Crawled caption data
[Start of section]
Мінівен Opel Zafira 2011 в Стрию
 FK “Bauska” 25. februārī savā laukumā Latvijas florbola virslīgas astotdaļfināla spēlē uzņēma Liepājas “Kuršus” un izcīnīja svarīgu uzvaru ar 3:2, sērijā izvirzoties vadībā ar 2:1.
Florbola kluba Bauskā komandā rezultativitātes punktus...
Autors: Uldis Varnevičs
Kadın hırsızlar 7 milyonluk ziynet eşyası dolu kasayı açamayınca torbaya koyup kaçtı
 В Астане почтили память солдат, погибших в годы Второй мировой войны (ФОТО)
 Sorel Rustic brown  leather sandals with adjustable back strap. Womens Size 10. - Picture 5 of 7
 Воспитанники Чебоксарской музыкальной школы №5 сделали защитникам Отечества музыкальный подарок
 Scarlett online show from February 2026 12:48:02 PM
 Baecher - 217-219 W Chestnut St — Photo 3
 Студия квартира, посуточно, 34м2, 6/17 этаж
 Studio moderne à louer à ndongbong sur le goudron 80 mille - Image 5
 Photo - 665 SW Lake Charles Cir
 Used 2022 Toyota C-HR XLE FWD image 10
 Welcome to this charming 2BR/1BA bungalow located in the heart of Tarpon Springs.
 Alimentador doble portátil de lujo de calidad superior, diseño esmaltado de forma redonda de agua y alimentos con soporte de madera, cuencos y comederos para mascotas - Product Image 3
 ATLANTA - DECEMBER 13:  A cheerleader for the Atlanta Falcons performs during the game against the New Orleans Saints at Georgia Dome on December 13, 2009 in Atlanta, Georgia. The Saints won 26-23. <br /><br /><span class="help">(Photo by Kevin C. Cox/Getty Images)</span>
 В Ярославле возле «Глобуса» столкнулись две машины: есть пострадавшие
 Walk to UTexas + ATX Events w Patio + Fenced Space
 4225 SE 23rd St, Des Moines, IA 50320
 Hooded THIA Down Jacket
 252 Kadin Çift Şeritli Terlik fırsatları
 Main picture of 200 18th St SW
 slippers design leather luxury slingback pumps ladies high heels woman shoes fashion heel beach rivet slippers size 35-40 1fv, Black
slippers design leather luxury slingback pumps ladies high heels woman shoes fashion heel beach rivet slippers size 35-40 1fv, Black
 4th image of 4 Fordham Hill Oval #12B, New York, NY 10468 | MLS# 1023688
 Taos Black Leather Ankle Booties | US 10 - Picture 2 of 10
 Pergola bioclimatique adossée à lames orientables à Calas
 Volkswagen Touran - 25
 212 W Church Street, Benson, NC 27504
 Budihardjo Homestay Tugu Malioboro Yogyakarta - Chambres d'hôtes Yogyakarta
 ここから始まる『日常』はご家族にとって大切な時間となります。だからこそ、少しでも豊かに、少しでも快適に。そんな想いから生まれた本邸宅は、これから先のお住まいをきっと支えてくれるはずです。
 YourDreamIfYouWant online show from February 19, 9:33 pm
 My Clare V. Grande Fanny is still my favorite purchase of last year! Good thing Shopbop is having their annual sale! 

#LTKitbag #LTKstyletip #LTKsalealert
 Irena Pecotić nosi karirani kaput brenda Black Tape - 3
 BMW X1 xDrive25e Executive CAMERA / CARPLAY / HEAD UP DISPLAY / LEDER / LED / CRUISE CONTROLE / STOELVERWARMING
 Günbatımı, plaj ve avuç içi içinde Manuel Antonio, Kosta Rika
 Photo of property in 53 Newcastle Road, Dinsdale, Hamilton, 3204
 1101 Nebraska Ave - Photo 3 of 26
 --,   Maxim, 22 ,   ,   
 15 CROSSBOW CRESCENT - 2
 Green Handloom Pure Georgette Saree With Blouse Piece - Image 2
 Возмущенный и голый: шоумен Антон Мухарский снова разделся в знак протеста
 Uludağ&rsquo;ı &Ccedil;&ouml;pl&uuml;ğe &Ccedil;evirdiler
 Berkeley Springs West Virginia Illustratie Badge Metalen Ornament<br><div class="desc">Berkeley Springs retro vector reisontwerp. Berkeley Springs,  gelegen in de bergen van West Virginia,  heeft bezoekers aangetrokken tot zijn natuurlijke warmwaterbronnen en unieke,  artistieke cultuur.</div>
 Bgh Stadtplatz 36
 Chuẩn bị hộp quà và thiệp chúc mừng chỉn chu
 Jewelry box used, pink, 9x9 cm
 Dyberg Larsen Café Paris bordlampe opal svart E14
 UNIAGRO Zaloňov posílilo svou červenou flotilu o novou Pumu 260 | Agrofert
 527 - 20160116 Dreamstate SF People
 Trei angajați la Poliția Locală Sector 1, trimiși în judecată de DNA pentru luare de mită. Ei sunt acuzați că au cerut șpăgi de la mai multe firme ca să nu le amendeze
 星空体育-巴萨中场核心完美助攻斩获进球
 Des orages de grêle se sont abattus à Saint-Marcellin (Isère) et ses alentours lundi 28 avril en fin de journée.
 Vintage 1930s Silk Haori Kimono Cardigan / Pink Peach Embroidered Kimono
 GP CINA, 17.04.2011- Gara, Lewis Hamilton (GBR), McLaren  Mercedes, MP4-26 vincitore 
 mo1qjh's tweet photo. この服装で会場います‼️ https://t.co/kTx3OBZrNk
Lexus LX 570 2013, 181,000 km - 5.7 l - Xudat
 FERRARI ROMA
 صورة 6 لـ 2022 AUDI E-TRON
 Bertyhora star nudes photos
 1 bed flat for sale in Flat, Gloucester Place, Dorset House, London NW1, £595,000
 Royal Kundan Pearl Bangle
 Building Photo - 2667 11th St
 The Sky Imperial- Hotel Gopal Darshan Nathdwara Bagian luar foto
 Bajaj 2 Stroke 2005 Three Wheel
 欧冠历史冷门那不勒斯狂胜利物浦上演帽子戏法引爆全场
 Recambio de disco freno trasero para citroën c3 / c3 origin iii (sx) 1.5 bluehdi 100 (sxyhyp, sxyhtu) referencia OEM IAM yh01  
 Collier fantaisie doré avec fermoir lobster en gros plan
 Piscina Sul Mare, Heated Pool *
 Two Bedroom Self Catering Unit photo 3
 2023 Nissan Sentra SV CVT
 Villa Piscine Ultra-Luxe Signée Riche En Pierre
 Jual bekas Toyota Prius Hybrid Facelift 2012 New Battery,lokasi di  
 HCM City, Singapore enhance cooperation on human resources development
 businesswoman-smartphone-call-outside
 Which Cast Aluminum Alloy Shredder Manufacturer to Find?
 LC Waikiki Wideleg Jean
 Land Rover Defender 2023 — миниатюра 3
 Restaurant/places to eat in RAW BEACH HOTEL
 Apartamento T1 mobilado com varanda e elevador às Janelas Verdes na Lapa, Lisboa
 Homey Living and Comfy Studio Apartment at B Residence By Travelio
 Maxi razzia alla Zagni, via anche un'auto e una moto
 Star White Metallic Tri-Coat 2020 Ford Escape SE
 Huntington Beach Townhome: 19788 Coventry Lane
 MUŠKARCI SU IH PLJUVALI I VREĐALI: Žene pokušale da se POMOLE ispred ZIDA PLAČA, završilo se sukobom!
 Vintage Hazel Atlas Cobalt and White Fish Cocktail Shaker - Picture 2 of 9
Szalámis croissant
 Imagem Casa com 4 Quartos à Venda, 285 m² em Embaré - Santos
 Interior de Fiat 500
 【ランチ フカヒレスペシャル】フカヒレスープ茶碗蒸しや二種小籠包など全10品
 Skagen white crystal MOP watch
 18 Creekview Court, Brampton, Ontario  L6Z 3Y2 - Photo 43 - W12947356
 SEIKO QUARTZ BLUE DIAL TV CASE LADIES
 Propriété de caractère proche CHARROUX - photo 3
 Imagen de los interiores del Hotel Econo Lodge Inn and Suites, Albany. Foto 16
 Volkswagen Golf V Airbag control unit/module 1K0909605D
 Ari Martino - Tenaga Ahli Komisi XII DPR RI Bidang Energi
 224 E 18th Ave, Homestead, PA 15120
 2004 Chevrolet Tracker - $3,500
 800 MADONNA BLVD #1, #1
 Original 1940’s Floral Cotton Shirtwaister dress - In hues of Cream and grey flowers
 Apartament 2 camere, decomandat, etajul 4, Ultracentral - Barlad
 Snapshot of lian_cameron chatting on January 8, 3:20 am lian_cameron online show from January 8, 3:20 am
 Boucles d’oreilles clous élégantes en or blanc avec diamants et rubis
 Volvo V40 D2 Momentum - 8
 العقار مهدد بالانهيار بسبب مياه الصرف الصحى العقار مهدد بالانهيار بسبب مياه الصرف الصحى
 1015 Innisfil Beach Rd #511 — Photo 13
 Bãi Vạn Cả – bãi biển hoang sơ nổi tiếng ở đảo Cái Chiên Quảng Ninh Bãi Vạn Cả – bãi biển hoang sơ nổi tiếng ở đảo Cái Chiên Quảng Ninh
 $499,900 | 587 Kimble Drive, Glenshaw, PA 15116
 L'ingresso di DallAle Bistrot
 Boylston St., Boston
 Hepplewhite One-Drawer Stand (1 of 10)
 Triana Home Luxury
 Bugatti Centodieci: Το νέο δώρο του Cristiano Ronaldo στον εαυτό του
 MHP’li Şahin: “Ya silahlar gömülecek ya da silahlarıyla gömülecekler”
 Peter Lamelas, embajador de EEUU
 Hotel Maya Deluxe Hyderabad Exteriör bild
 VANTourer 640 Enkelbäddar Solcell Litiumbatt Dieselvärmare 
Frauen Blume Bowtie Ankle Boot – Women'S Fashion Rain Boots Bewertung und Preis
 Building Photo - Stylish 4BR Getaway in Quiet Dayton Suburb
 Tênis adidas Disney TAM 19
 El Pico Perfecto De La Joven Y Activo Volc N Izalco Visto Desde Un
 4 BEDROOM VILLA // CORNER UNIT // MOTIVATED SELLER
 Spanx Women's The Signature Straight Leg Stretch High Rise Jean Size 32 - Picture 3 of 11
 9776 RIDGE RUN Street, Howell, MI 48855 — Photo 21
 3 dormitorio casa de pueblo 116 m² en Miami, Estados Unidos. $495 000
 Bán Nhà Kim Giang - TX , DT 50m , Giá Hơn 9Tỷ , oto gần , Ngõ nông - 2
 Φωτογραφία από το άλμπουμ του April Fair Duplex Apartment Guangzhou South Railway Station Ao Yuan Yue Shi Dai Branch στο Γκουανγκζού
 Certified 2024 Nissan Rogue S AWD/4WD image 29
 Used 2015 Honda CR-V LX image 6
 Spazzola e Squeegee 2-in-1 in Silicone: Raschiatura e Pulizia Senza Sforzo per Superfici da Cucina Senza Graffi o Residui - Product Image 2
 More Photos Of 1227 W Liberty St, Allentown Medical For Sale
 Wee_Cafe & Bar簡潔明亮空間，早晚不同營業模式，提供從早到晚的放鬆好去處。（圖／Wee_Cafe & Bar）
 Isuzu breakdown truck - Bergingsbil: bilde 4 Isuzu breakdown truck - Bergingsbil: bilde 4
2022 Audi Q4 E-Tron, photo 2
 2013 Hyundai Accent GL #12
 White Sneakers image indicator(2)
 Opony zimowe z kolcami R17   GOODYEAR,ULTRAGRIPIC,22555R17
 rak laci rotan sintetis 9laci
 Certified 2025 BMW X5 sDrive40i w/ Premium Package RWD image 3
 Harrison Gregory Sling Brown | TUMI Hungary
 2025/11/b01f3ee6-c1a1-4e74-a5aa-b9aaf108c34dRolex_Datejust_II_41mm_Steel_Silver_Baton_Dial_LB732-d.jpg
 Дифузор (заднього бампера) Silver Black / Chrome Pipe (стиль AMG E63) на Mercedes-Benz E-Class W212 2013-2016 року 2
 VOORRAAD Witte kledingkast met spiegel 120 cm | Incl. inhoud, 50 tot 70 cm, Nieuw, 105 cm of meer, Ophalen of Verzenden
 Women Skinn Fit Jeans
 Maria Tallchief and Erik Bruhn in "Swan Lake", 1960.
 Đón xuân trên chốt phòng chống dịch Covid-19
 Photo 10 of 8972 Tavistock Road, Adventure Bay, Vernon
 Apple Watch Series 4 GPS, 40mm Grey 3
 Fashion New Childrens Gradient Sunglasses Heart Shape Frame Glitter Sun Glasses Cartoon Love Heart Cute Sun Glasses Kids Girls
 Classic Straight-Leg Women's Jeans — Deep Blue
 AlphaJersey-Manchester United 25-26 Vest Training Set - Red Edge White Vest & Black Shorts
[End of section]
(PROBLEM REQUIREMENTS):
Start with the line above that contains "HCM City, Singapore" and stop after the line that contains "Huntington Beach Townhome: 19788". Output those lines exactly, and only those.

(TASK RESULT):
 HCM City, Singapore enhance cooperation on human resources development
 businesswoman-smartphone-call-outside
 Which Cast Aluminum Alloy Shredder Manufacturer to Find?
 LC Waikiki Wideleg Jean
 Land Rover Defender 2023 — миниатюра 3
 Restaurant/places to eat in RAW BEACH HOTEL
 Apartamento T1 mobilado com varanda e elevador às Janelas Verdes na Lapa, Lisboa
 Homey Living and Comfy Studio Apartment at B Residence By Travelio
 Maxi razzia alla Zagni, via anche un'auto e una moto
 Star White Metallic Tri-Coat 2020 Ford Escape SE
 Huntington Beach Townhome: 19788 Coventry Lane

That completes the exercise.